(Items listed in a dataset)

+ + + +

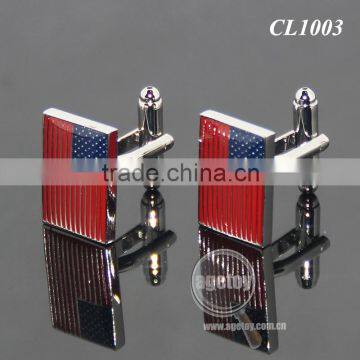 American USA Flag Men Sleeve Shirt Alloy Metal Cuff Links Patriotism Star-spangled Banner Souvenir Metal Custom Cufflinks photo-6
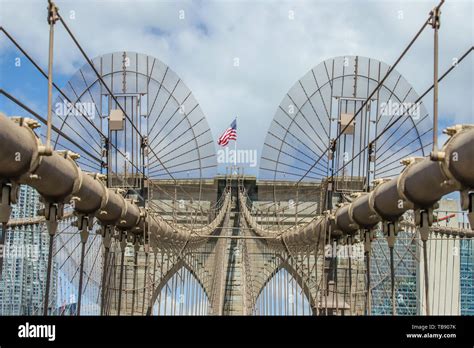 Brooklyn Bridge In New York Considered One Of The Oldest Suspension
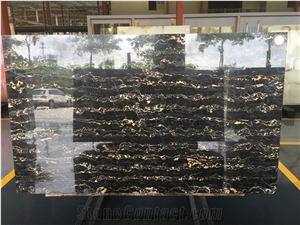 Black Portoro,Black Portoro Slabs & Tiles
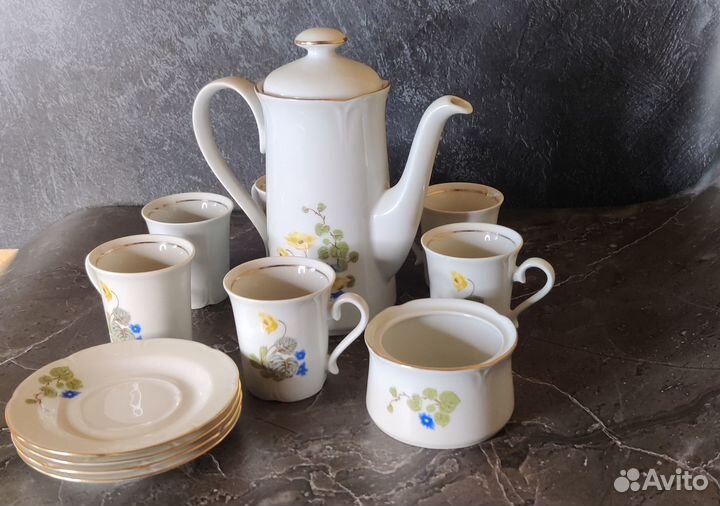 Сервиз кофейный гдр Jlmenau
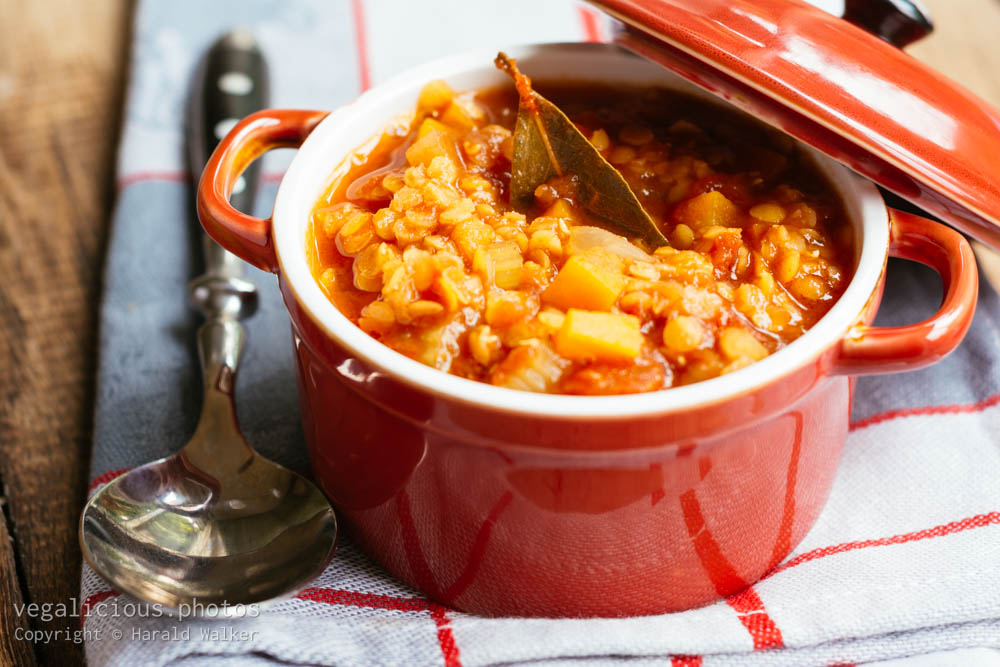 Stock photo of Red lentils soup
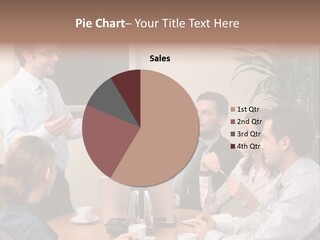 Professional Speech Discuss PowerPoint Template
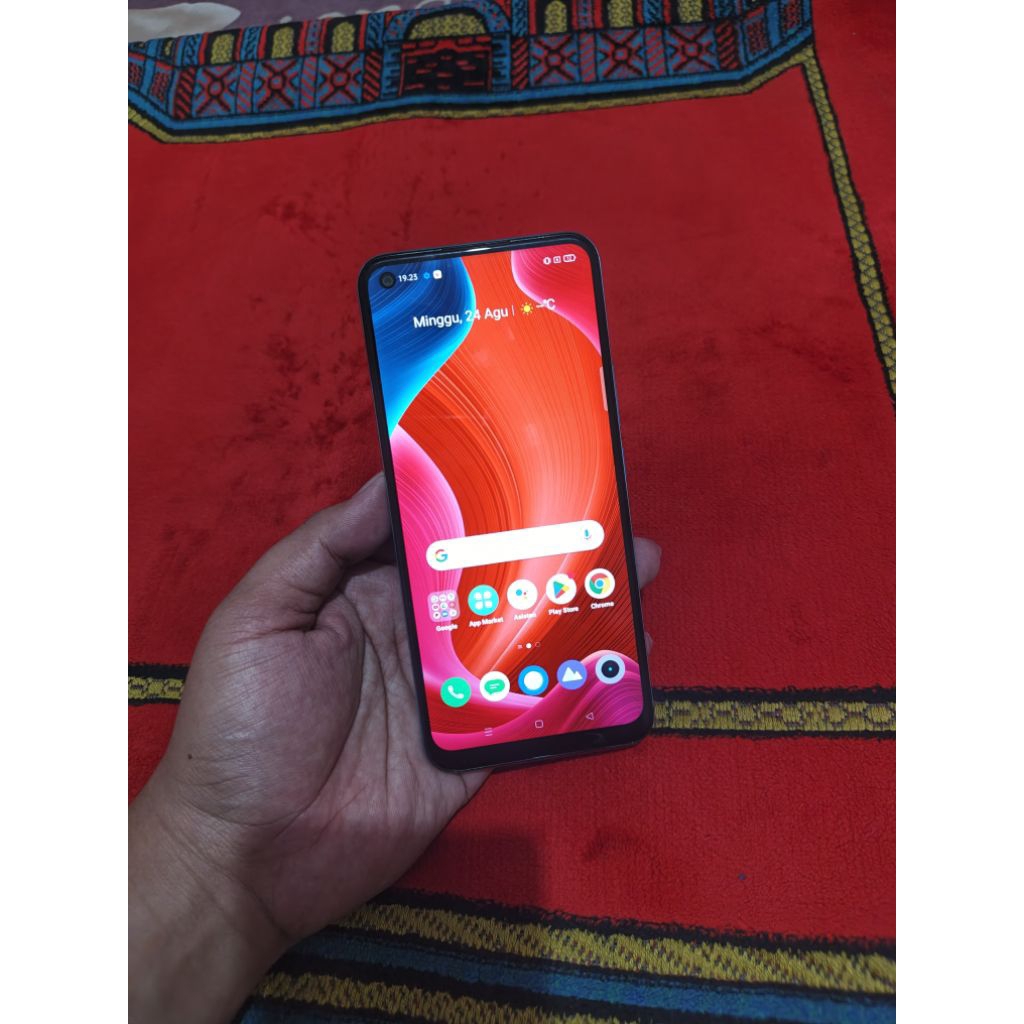 realme c17 snapdragon bagus ram 256gb garansi resmi murah normal ram 6gb nett murah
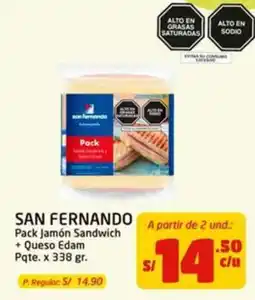 MaxiAhorro San Fernando pack jamón sandwich + queso edam oferta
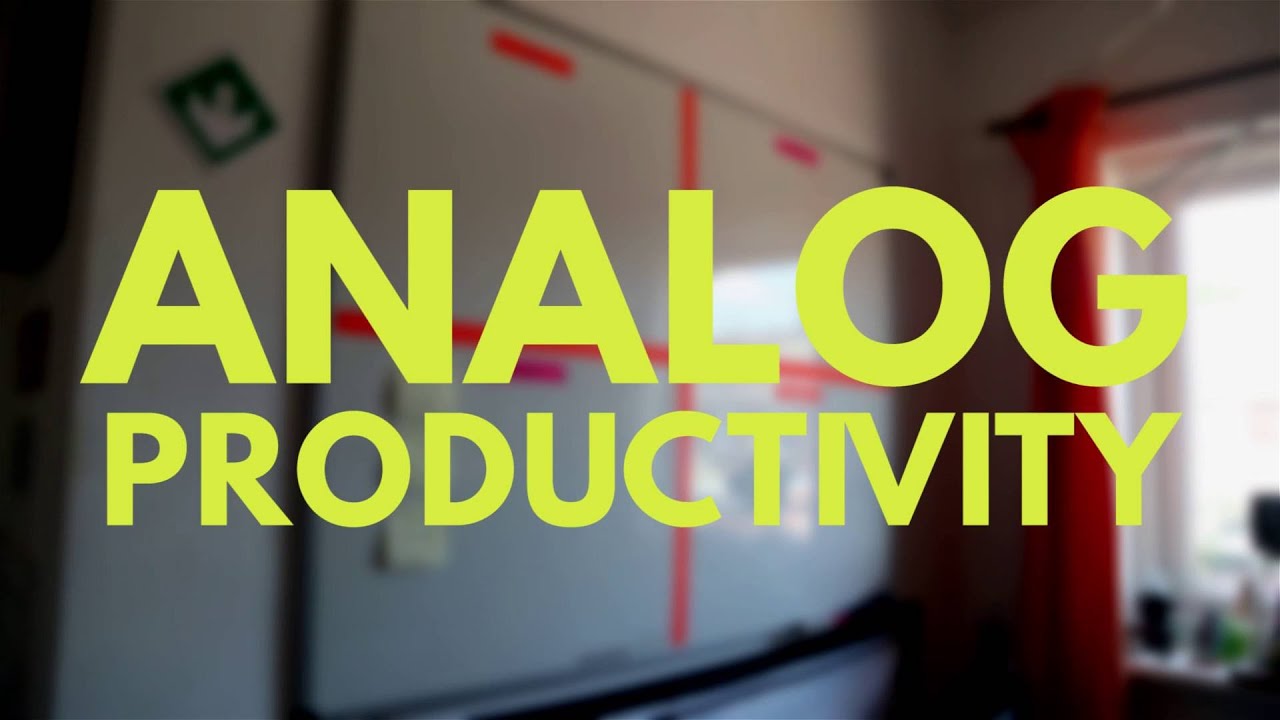Analog Productivity - ✎W&G✎
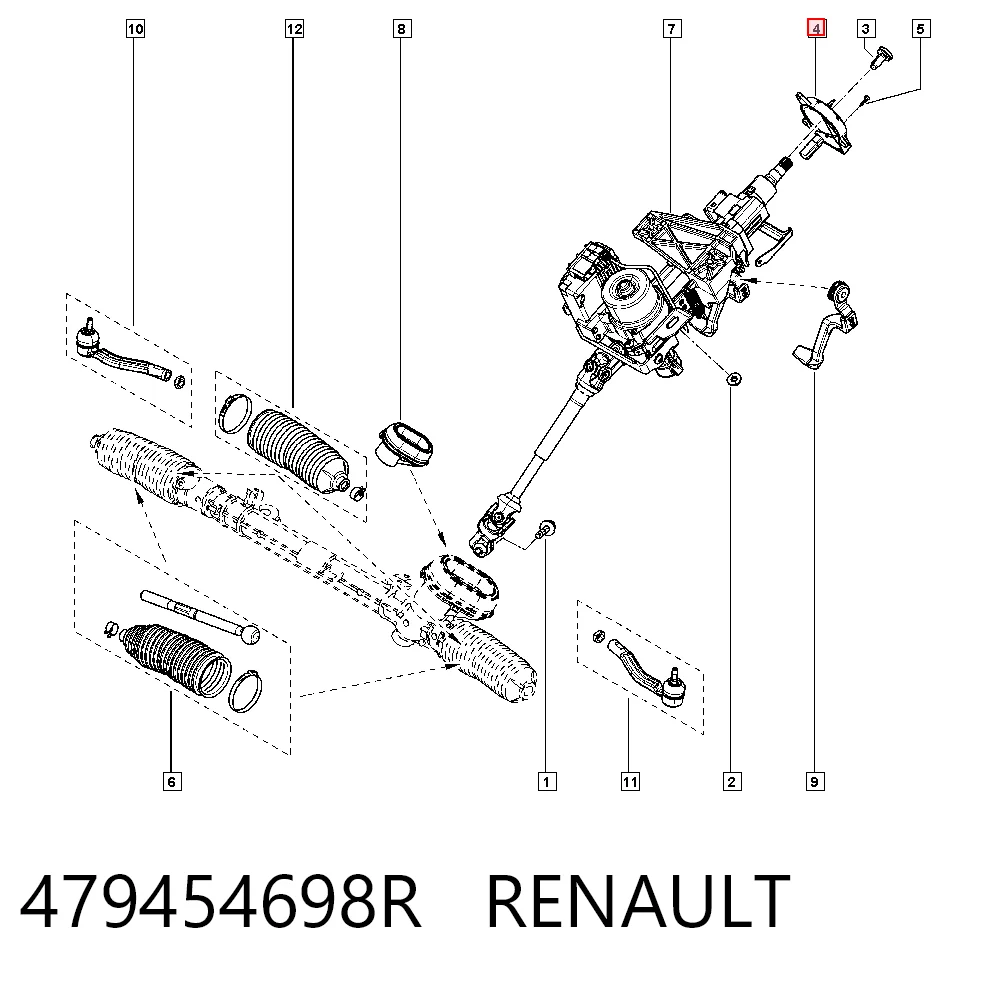 Czujnik kąta skrętu kierownicy Renault Trafic III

+ + + +

What you need to do:
Only what runs from the line containing "Black Portoro,Black Portoro Slabs & Tiles" through the end of the entries above should be extracted, exactly and without pictures.

Solution for this exercise:
 Black Portoro,Black Portoro Slabs & Tiles
 Сервиз кофейный гдр Jlmenau
 Stock photo of Red lentils soup
 Professional Speech Discuss PowerPoint Template
 realme c17 snapdragon bagus ram 256gb garansi resmi murah normal ram 6gb nett murah
 MaxiAhorro San Fernando pack jamón sandwich + queso edam oferta
Analog Productivity - ✎W&G✎
 Czujnik kąta skrętu kierownicy Renault Trafic III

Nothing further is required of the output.